▶ [Exercise aim]
From the first line of the records below through the line with "Quartz (variety amethyst)<br", output each line exactly; skip the pictures.

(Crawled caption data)
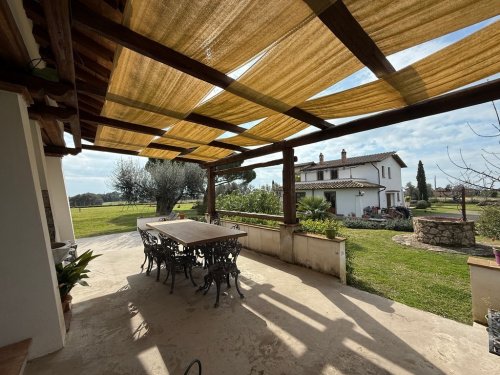 Moradia em Montalto di Castro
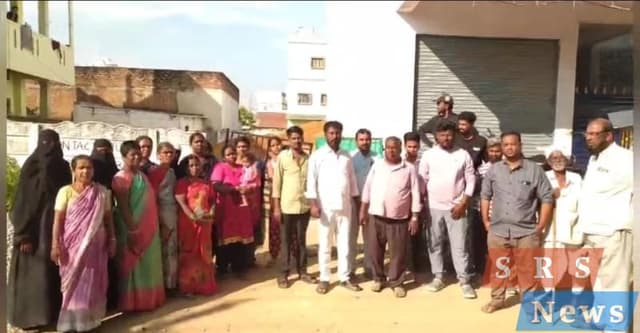 వోడాఫోన్ టవర్ నిర్మించవద్దని కాలనీవాసుల ఆందోళన..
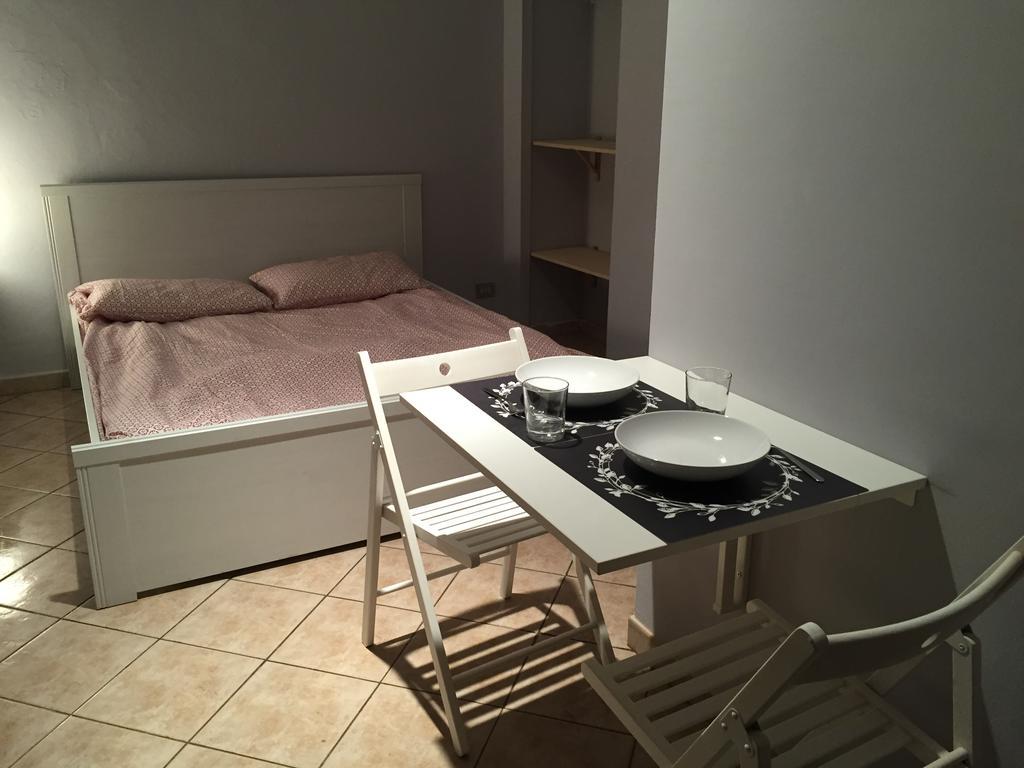 Appartamento Monolocale Torino Esterno foto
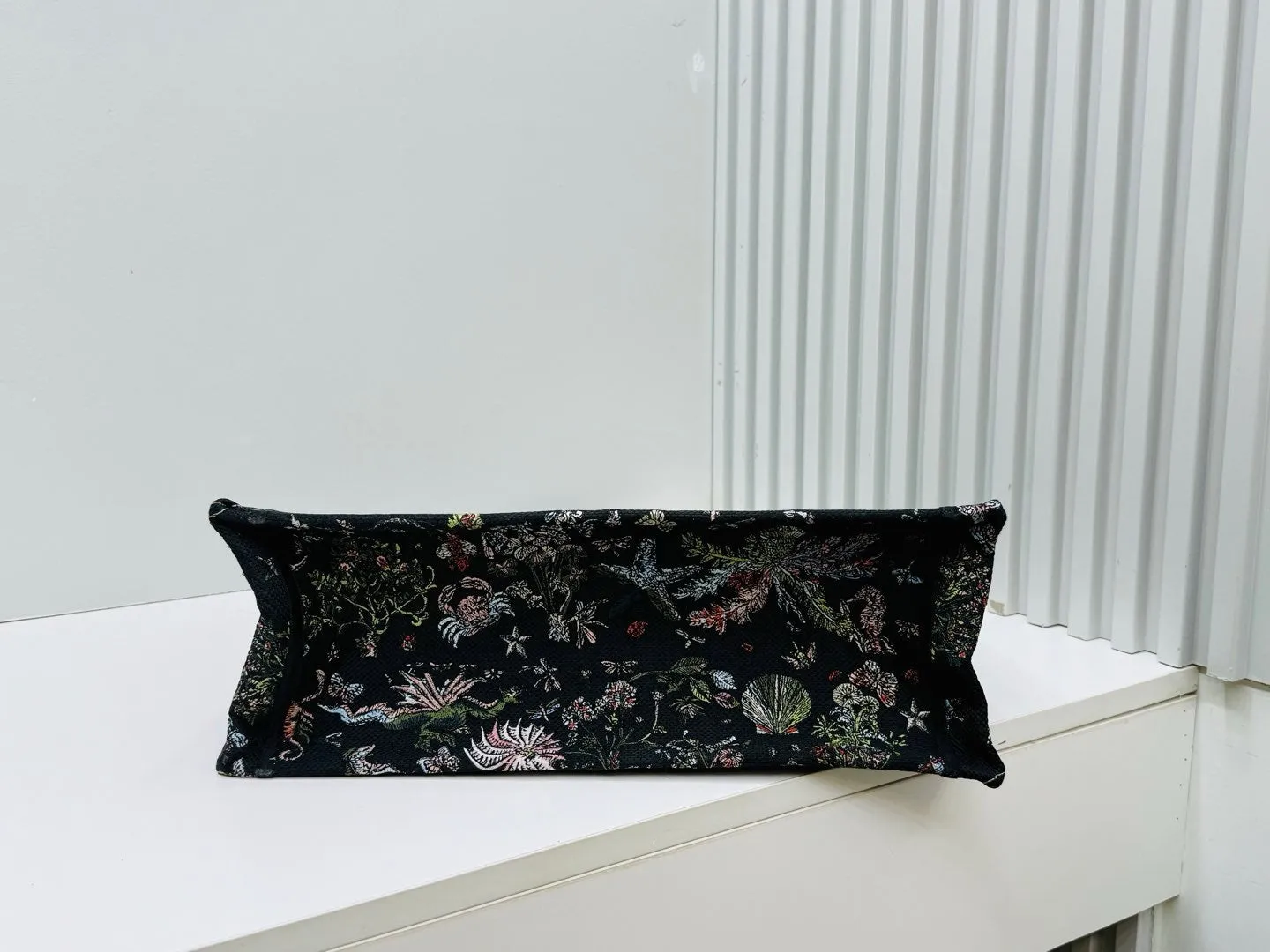 D Book Tote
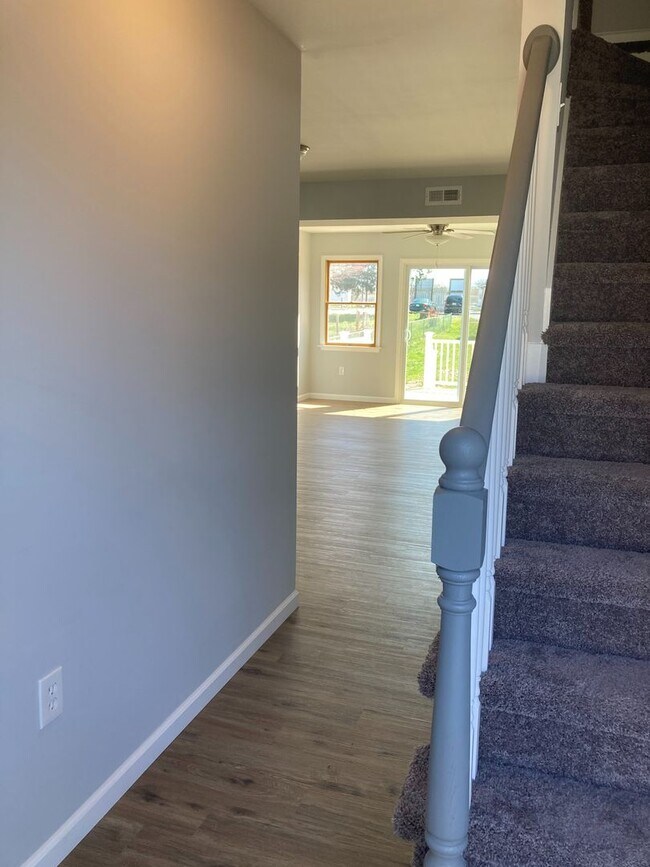 Foto del edificio - Renovated 2 Bedroom, 1.5 Bathroom in Aberd...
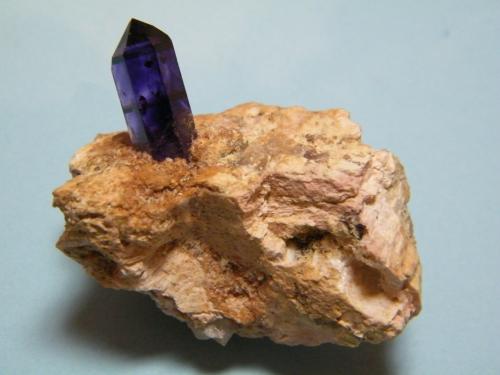 Quartz (variety amethyst)<br />Brandberg area, Erongo Region, Namibia<br />45mm x 38mm x 30mm<br /> (Author: Heimo Hellwig)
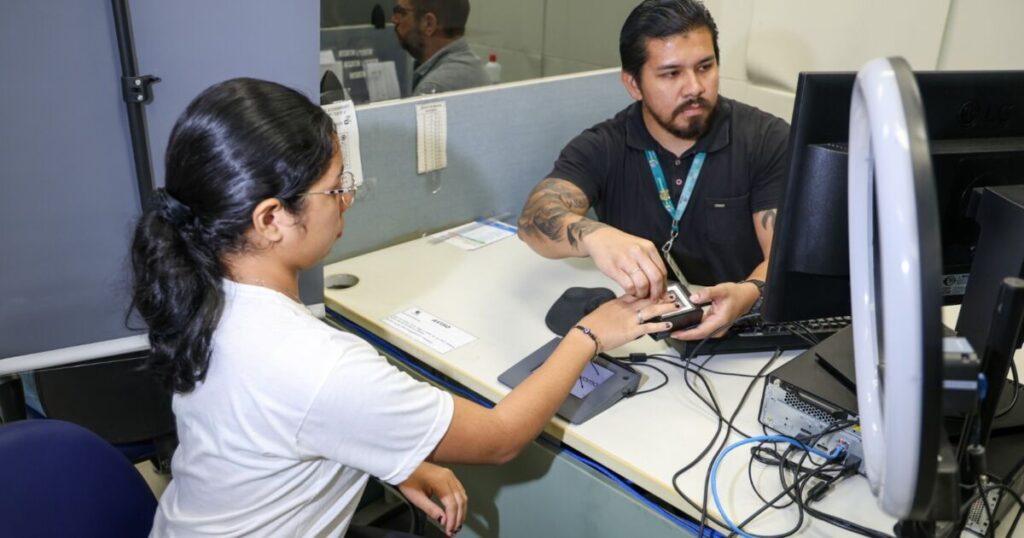 TRE-AM: Participação Jovem e Consciência Cidadã em Foco TRE-AM: Participação Jovem e Consciência Cidadã em Foco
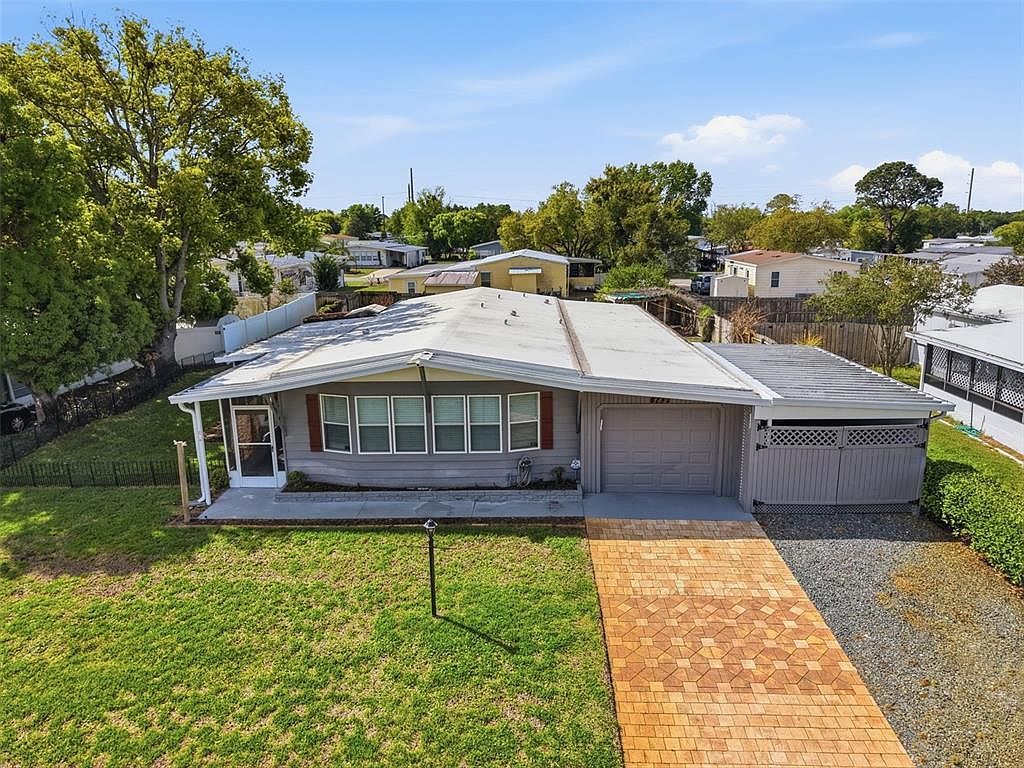 142 Florence Blvd Debary, FL 32713  | New build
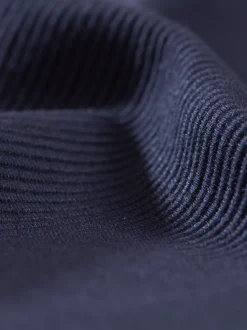 Kurze Hose mit aufgesetzten Seitentaschen Navy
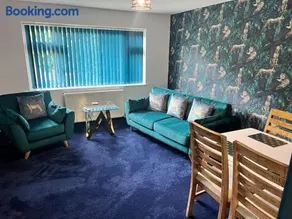 Modern 2 bedroom apartment - Image 2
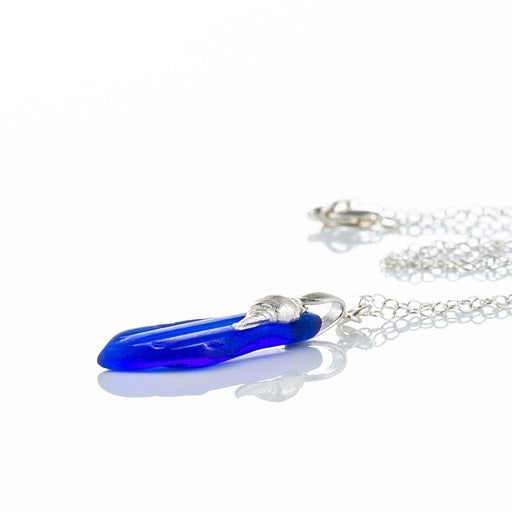 Ocean Sea Glass. Amazing colour...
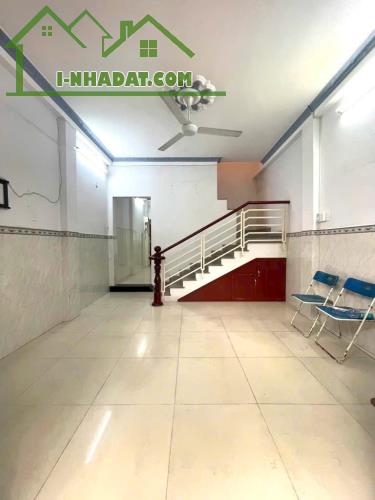 NHÀ ĐẸP GV - GIÁP NGÃ 4 QUANG TRUNG & PHAN HUY ÍCH - HXH SÁT NHÀ - 2 MT TRƯỚC SAU - 40M² - - 2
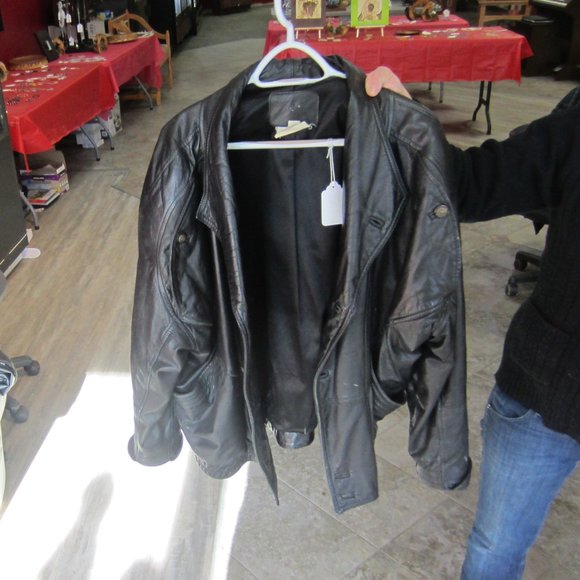 Men Leather Jacket - Picture 1 of 1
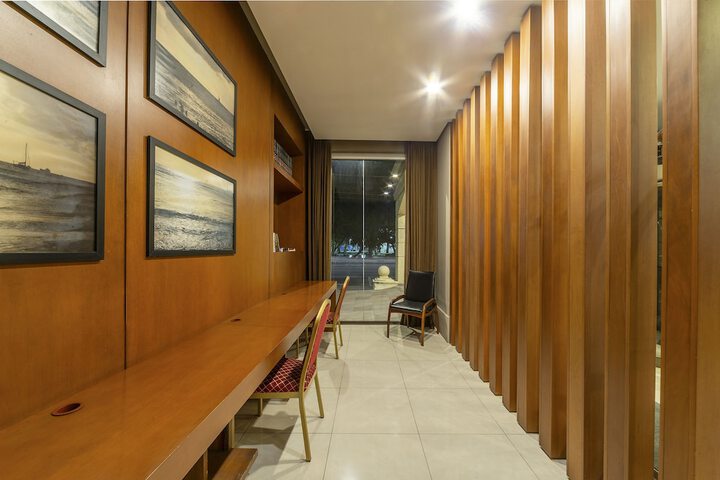 Lounge 46 of 59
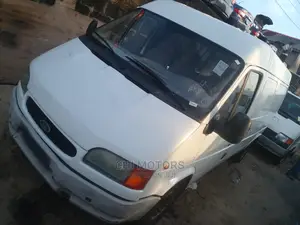 Ford Transit 2004 White
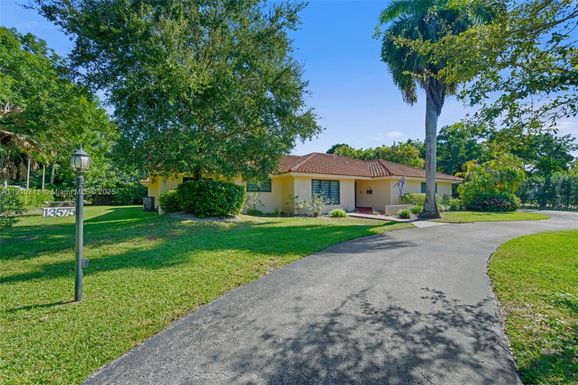 13575 SW 69th Ct, Pinecrest FL 33156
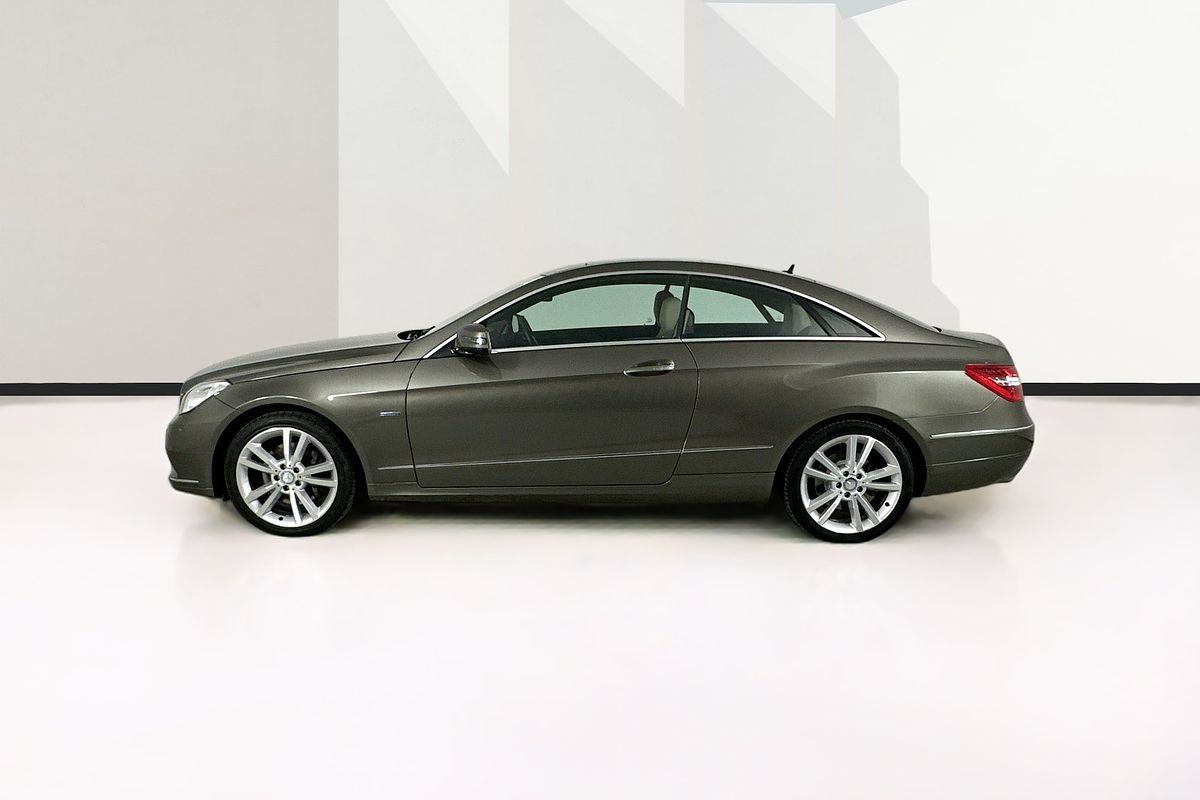 2011 Mercedes-Benz E350 ELEGANCE 207 MY11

▶ [Result]
 Moradia em Montalto di Castro
 వోడాఫోన్ టవర్ నిర్మించవద్దని కాలనీవాసుల ఆందోళన..
 Appartamento Monolocale Torino Esterno foto
 D Book Tote
 Foto del edificio - Renovated 2 Bedroom, 1.5 Bathroom in Aberd...
 Quartz (variety amethyst)<br />Brandberg area, Erongo Region, Namibia<br />45mm x 38mm x 30mm<br /> (Author: Heimo Hellwig)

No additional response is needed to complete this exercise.